§ **Task to carry out**:
Nothing is to be altered. Print each record in full.

Stored dataset items:
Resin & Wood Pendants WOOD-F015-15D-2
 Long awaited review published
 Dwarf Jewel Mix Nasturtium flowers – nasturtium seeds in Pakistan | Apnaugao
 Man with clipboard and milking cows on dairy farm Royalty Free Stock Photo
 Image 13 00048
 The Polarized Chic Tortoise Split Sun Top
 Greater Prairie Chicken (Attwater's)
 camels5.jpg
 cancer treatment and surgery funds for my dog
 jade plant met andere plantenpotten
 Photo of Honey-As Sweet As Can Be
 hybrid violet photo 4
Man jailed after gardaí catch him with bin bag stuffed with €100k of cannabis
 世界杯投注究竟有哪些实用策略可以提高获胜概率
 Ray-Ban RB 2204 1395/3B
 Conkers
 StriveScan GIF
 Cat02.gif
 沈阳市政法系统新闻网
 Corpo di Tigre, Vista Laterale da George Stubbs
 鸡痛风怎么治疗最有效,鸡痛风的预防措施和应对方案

§ **Answer to this exercise**:
Resin & Wood Pendants WOOD-F015-15D-2
 Long awaited review published
 Dwarf Jewel Mix Nasturtium flowers – nasturtium seeds in Pakistan | Apnaugao
 Man with clipboard and milking cows on dairy farm Royalty Free Stock Photo
 Image 13 00048
 The Polarized Chic Tortoise Split Sun Top
 Greater Prairie Chicken (Attwater's)
 camels5.jpg
 cancer treatment and surgery funds for my dog
 jade plant met andere plantenpotten
 Photo of Honey-As Sweet As Can Be
 hybrid violet photo 4
Man jailed after gardaí catch him with bin bag stuffed with €100k of cannabis
 世界杯投注究竟有哪些实用策略可以提高获胜概率
 Ray-Ban RB 2204 1395/3B
 Conkers
 StriveScan GIF
 Cat02.gif
 沈阳市政法系统新闻网
 Corpo di Tigre, Vista Laterale da George Stubbs
 鸡痛风怎么治疗最有效,鸡痛风的预防措施和应对方案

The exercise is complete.